Penny Thoughts ‘13—Saturday Night Fever (1977) ****


R, 119 min.
Director: John Badham
Writers: Norman Wexler, Nic Cohn
Starring: John Travolta, Karen Lynn Gorney, Barry Miller, Joseph Cali, Paul Pape, Donna Pescow, Bruce Ornstein, Julie Bovasso, Sam J. Coppola

Every time I see “Saturday Night Fever” I’m impressed by how good it is. Having been a child at the time of its release, I remember the disco craze that surrounded it. The movie was huge. Its impact was felt on television as the networks entered a war of the dance competition shows. John Travolta was catapulted into the spotlight as a megastar. The Bee Gees’ soundtrack album became one of the best selling albums of all time. The movie even received a rerelease with a PG rating that allowed people like my parents to drag kids like me to it and wrap everyone up in the disco craze.


What my five-year-old self took away from the movie at the time was that a white suit with a black shirt was the epitome of cool and playing around on the Verrazono Narrows Bridge was a bad idea. It was just your typical blockbuster in my mind. A crowd pleaser, which by 70’s gold-plated standards, I suppose it was. When I saw it as a young adult I thought my parents were awful people for having brought a six-year-old to see a movie with a gang rape scene in it. It was shortly after that screening that I learned it had been edited out (along with all the bad language) for the PG version that was released for mainstream audiences because of the film’s popularity.

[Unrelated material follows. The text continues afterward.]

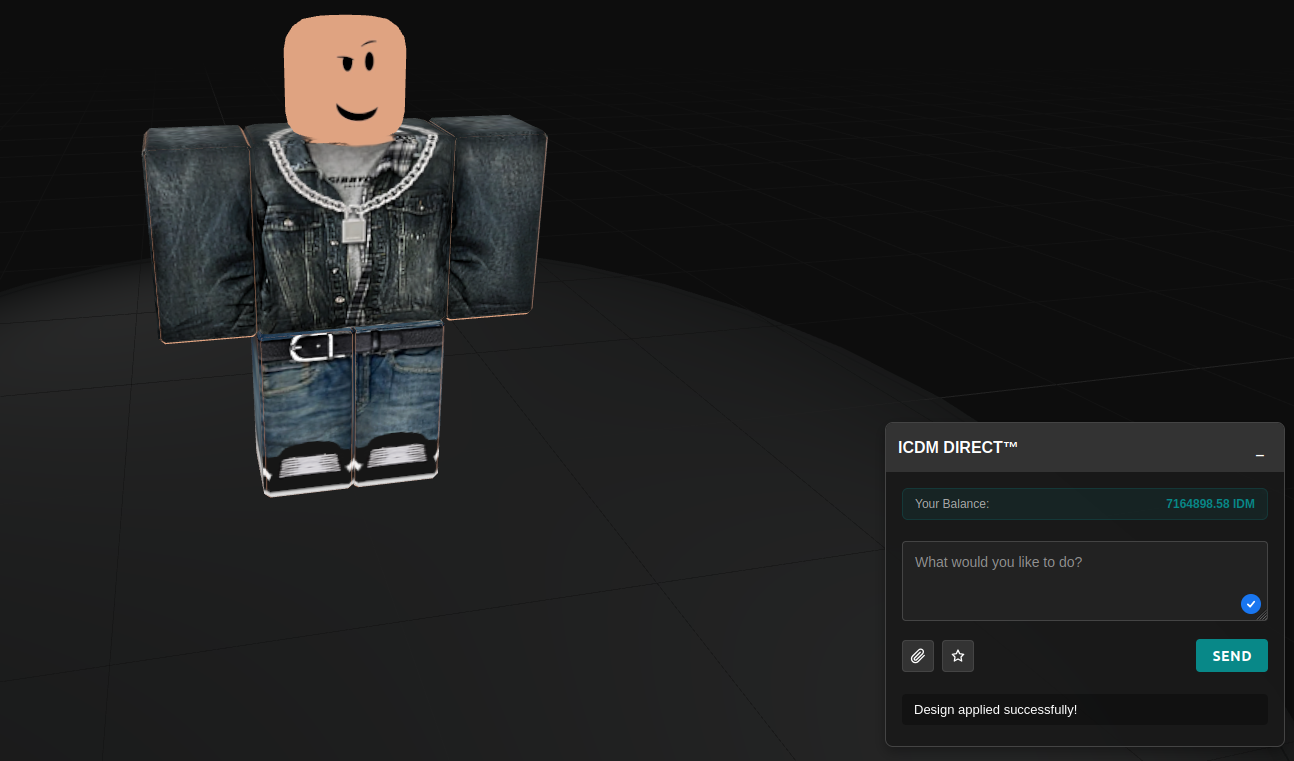 ICDM DIRECT workspace interface showing AI design generation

Now, I see it for the social criticism that it is. This movie is not kind to the lifestyle these young men embraced in the 70s. It is not nice to Travolta and his group of friends. They’re depicted as racist bigots who bash blacks, Hispanics, homosexuals and women without any question of hiding their feelings toward others. They come from families that worship religious ambition and have taught them nothing of tolerance or empathy. Travolta’s Tony Manero aspires to be something better, but must fight against the environmental conditioning in which he’s been raised. It’s a coming of age story that’s about so much more than the typical trivialities of young adulthood.

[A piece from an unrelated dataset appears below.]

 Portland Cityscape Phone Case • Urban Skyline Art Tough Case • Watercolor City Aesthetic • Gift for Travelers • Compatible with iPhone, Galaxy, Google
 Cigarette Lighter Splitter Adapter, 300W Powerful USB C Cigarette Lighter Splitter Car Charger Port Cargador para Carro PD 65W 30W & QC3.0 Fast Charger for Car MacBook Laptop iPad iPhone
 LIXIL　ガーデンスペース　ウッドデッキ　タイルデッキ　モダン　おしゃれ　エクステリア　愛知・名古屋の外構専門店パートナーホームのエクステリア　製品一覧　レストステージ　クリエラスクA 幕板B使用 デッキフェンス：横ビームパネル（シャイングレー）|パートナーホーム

His dancing partner, Stephanie, isn’t as far beyond Tony’s maturity that she thinks she is, but she is a doorway to a life without the walls of conditioning of his upbringing and social stagnancy. The dancing is another doorway out of his environment of stereotypes and blind acceptance. It’s important that he breaks from his friends to protest his own dance contest win. He finally understands that you can’t be judged on how you look or what social group you belong to. Some people have talent that is not dictated by race or appearance or gender. He’s one of them, but the only way he can fully realize it is to accept that others have it too. It’s a powerful realization that finally opens his eyes up to his own friend’s suffering but too late. Bobby’s sacrifice, however, is what ultimately leads to Tony’s salvation.